Your will is a document that explains how your property should be handled after your death. Preparing your will can be a complicated process, especially if you have children or significant assets. Following guidelines or checklists for preparing a will may help you and your attorney ensure that nothing is left out and that your instructions are clear.
Your will should specify your beneficiaries, or the people or charities you want to receive money or other property when you die. Common beneficiaries in wills include children, spouses, or other family members or loved ones, as well as institutions like colleges or charities. If you do not specify your beneficiaries, your assets will be distributed according to state law, which may not reflect how you want them distributed.
The executor of your estate is the person who will carry out the instructions in your will. Your executor should be someone whom you trust to follow your wishes and someone who is a legal adult. You may want to name a "backup" executor in case your first choice dies before you do or does not want the job when the time comes. If the executor you choose cannot or will not perform, most courts will appoint an executor.
If you have minor children, you should name one or more persons to be the children's legal guardian if you pass away before they reach adulthood. You may also want to name a second guardian in case the first one passes away before you do, cannot care for your children or does not want to.
You may or may not wish to name a conservator if you have minor children. A conservator is someone who will manage any money you leave for the children on the children's behalf until they reach adulthood. The guardian and the conservator are usually the same person, but some states allow you to appoint a second person as conservator. Choosing a separate conservator may be wise if you do not trust the children's guardian with their money or the guardian does not want to manage the children's money.
Conditions on Gifts
Based on your circumstances, you may want to place certain conditions on gifts you are leaving to family members or charities.

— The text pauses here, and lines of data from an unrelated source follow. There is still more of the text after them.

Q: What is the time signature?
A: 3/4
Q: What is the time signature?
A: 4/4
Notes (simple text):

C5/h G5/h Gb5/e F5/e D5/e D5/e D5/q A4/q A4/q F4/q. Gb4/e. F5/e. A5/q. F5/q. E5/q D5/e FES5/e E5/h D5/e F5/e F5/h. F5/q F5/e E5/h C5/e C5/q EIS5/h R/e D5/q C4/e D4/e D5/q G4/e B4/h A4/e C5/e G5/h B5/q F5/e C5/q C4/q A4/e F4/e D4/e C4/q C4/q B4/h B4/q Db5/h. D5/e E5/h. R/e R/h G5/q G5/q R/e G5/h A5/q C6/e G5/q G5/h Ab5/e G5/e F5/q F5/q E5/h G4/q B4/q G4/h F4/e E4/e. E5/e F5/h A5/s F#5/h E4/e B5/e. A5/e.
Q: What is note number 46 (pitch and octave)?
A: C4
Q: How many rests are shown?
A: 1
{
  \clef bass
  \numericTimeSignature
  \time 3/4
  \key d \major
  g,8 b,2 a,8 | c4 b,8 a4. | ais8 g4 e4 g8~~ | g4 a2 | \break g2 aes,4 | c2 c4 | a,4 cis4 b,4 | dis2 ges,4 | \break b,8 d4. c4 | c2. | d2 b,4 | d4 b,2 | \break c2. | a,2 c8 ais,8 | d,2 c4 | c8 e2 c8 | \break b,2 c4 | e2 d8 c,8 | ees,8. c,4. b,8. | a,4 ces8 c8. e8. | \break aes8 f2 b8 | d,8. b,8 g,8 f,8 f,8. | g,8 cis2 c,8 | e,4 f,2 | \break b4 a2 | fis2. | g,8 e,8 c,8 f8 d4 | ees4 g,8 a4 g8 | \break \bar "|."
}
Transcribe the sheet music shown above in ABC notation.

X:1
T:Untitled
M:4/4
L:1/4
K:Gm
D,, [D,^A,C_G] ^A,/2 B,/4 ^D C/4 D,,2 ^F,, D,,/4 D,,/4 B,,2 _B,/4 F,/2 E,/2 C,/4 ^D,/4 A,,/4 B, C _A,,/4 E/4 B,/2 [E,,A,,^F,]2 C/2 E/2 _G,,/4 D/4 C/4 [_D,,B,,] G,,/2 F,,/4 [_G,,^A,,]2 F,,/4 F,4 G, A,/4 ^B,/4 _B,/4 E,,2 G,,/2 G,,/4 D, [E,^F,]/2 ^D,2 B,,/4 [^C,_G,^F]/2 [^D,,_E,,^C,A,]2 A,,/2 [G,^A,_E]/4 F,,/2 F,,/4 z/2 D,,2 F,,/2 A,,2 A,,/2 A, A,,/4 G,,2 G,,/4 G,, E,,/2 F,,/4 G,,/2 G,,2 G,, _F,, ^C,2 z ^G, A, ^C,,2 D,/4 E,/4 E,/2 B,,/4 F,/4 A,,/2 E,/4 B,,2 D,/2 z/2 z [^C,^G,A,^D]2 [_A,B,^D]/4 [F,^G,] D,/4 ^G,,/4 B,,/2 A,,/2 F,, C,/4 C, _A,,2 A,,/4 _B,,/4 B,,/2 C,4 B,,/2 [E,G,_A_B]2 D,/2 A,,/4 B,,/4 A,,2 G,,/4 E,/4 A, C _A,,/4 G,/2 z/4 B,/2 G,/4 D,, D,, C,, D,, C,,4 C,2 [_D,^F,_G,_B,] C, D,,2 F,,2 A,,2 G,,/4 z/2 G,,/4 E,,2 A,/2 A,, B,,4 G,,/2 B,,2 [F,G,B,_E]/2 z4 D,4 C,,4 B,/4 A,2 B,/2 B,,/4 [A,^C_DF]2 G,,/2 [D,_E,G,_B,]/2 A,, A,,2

The law in most states allows you to use conditions such as age restrictions -- for instance, if you do not want a child to inherit until age 25, most states will honor this restriction if it appears in your will. However, you cannot make any restriction that "offends public policy," such as prohibiting a spouse or child from marrying.
Certain assets must be included in your will if you wish them to pass to your beneficiaries in the way you have directed. For instance, any money or investments you own in your own name, your house, and your personal possessions should be listed in your will. Some assets, such as jointly owned bank accounts and life insurance policies, do not need to be listed in your will because they pass immediately to the other owner or beneficiary on your death.
If you wish to exclude someone from your will, you may wish to make your exclusion clear, according to the Chronic Illness Alliance. However, it is wise to consult an attorney before doing so to ensure the exclusion is worded correctly. Exclusions often result in a will being challenged, especially if the will specifies a reason for the exclusion that the excluded person finds slanderous. If you wish to exclude a child, you must specify that you wish to do so. A child whose name does not appear in the will is usually entitled to a percentage of the estate in most states. Unlike children, you cannot exclude your spouse.
You may wish to include a secondary or "backup" plan in your will in case one of your beneficiaries passes away before you do or is otherwise unable to receive his or her share of your estate. For instance, you may wish to specify that the portion of your estate that was supposed to go to your child should go to his or her spouse or your grandchildren instead.